The answer must consist of each line below that contains the word "Cable", copied in full.

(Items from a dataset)
*** Block opens ***

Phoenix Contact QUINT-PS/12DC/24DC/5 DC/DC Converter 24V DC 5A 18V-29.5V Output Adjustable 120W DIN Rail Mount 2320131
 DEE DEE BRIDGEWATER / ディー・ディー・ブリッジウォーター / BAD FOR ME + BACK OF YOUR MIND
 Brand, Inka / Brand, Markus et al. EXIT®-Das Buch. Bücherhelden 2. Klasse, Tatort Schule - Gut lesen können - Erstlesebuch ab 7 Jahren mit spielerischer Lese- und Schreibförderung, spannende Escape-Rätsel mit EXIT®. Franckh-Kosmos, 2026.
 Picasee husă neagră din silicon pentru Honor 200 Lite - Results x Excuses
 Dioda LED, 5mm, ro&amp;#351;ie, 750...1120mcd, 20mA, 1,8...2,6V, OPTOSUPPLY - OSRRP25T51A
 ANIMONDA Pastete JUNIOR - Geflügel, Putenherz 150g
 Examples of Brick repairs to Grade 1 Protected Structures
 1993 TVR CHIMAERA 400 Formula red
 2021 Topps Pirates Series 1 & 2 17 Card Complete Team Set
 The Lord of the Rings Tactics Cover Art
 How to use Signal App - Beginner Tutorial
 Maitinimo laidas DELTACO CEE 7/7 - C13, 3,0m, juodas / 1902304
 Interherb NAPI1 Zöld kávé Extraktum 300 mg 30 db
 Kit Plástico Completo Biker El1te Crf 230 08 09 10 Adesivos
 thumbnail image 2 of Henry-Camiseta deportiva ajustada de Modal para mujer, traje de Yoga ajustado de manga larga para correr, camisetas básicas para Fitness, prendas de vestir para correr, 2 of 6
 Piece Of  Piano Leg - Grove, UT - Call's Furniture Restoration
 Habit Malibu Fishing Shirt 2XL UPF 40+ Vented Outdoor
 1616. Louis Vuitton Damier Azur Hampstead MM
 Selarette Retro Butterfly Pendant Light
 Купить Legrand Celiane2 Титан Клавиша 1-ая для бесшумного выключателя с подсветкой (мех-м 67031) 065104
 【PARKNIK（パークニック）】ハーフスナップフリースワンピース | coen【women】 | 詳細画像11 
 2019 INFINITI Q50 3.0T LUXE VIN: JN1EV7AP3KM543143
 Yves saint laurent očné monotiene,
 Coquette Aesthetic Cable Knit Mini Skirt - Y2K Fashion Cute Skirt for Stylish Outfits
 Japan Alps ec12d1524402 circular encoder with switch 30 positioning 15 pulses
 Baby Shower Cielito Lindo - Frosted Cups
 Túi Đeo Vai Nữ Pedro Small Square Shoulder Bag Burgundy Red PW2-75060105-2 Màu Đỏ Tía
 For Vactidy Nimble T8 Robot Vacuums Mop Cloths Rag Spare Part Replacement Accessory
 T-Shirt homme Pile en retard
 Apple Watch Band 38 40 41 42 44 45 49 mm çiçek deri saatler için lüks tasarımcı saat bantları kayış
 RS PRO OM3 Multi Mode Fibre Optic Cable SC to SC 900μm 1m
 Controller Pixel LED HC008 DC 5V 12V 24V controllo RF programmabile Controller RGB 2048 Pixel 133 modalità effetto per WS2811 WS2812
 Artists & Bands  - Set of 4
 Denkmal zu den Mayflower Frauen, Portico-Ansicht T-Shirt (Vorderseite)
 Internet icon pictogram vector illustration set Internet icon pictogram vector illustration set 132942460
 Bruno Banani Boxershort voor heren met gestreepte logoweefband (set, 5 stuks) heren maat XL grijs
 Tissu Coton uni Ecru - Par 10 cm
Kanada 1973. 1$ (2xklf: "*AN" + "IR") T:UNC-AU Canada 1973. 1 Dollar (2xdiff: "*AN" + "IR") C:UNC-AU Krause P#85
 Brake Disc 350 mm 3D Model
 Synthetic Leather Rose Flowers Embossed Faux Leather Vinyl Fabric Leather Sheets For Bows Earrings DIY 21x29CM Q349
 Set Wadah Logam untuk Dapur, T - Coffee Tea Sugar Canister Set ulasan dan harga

*** Block closes ***

## [Output]
 Coquette Aesthetic Cable Knit Mini Skirt - Y2K Fashion Cute Skirt for Stylish Outfits
 RS PRO OM3 Multi Mode Fibre Optic Cable SC to SC 900μm 1m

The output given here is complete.